Requirement
Keep images out and repeat all data exactly.

(Dataset records)
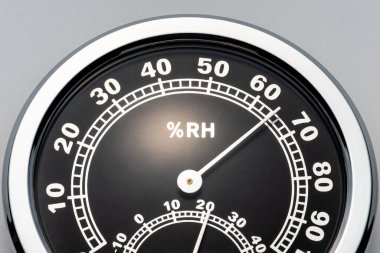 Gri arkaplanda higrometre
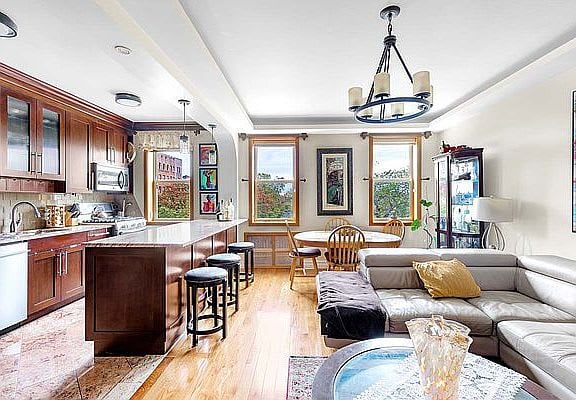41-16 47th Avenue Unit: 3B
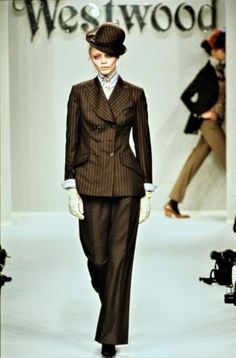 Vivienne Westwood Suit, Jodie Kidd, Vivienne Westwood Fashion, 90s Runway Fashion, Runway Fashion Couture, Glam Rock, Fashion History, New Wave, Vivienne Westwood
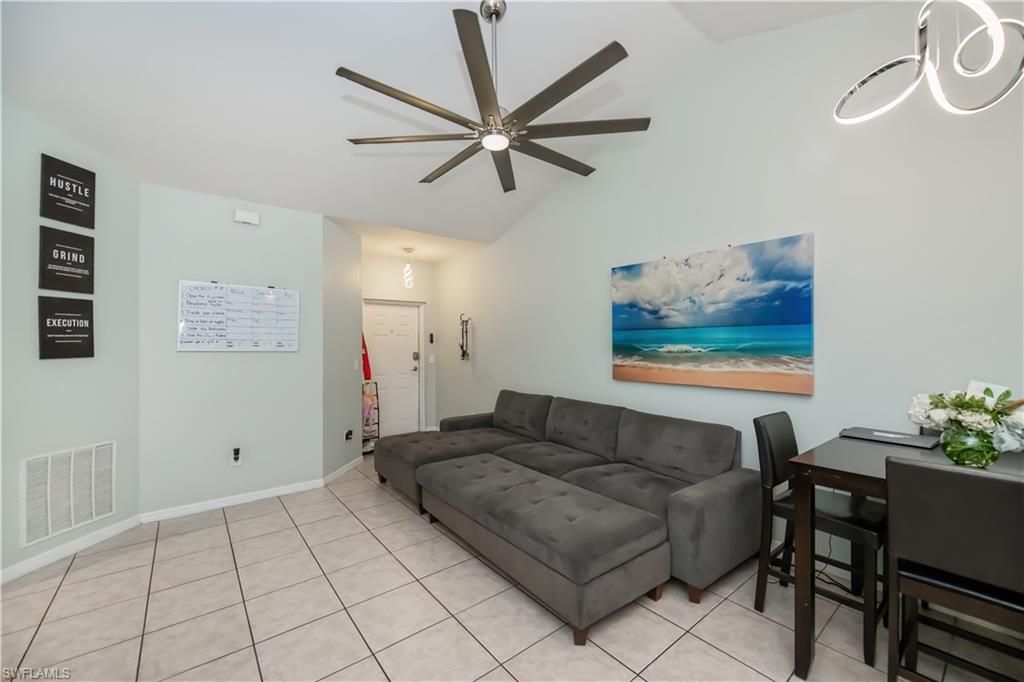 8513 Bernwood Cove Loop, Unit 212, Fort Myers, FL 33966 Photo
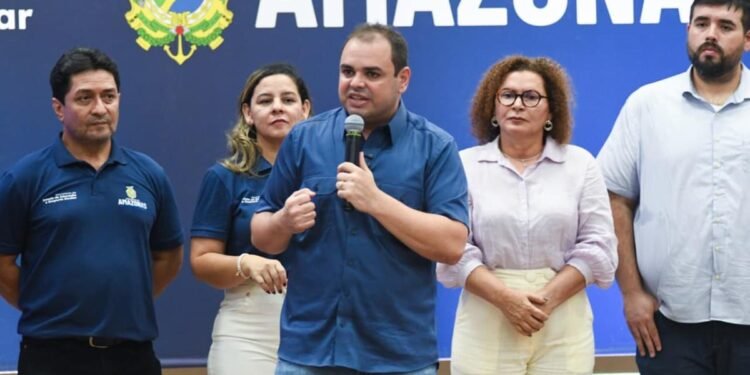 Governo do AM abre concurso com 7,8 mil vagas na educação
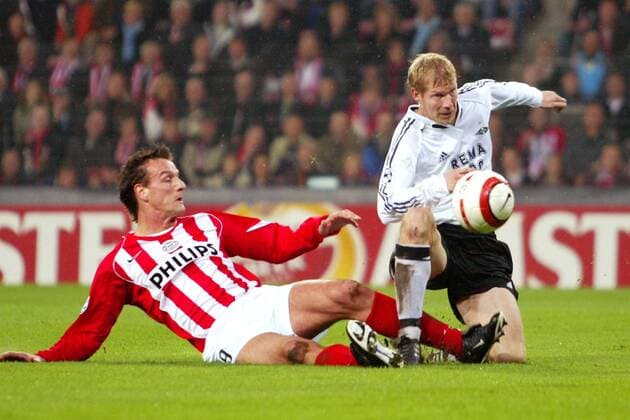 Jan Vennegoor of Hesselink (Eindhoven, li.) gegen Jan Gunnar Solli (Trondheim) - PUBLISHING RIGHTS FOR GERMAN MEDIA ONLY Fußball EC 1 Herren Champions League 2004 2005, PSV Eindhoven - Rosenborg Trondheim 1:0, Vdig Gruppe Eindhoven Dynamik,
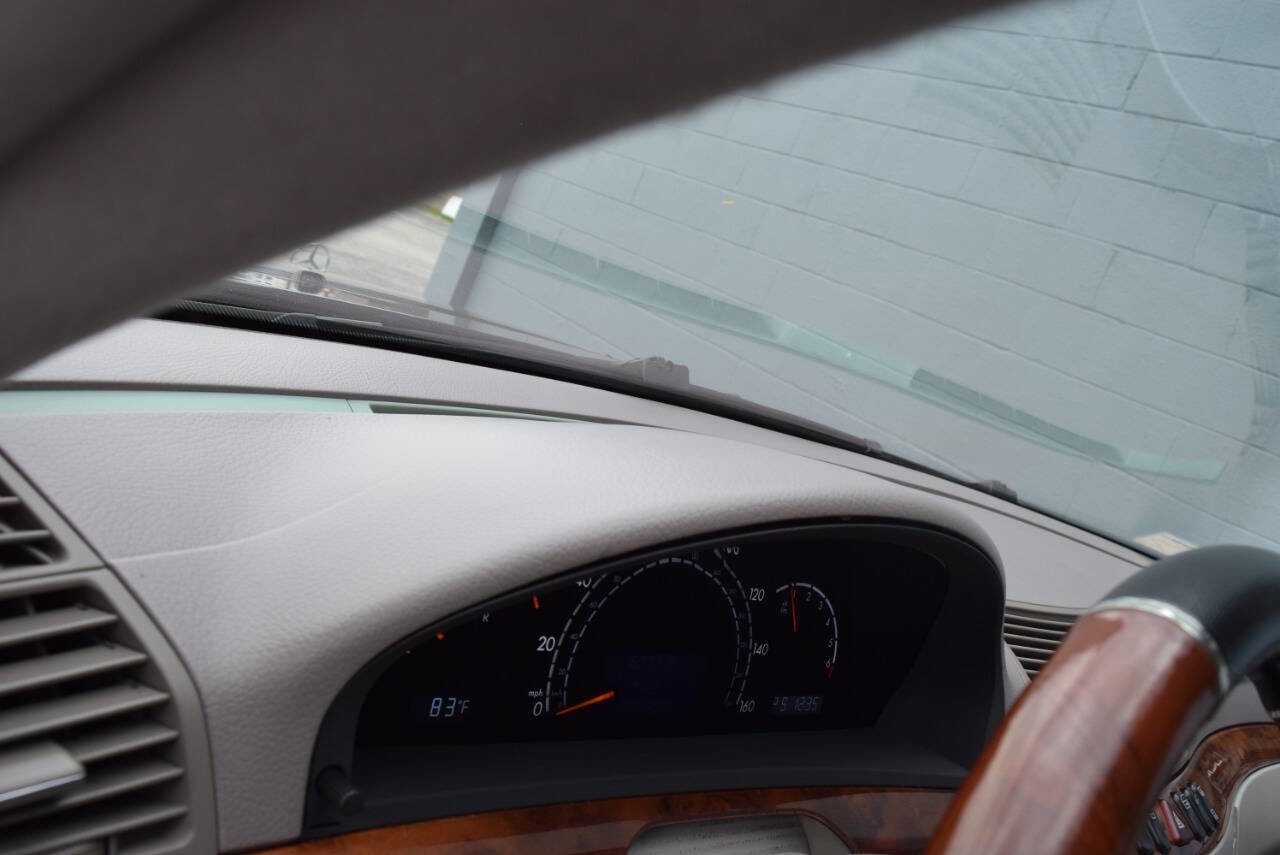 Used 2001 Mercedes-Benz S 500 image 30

Response to this task
 Gri arkaplanda higrometre
41-16 47th Avenue Unit: 3B
 Vivienne Westwood Suit, Jodie Kidd, Vivienne Westwood Fashion, 90s Runway Fashion, Runway Fashion Couture, Glam Rock, Fashion History, New Wave, Vivienne Westwood
 8513 Bernwood Cove Loop, Unit 212, Fort Myers, FL 33966 Photo
 Governo do AM abre concurso com 7,8 mil vagas na educação
 Jan Vennegoor of Hesselink (Eindhoven, li.) gegen Jan Gunnar Solli (Trondheim) - PUBLISHING RIGHTS FOR GERMAN MEDIA ONLY Fußball EC 1 Herren Champions League 2004 2005, PSV Eindhoven - Rosenborg Trondheim 1:0, Vdig Gruppe Eindhoven Dynamik,
 Used 2001 Mercedes-Benz S 500 image 30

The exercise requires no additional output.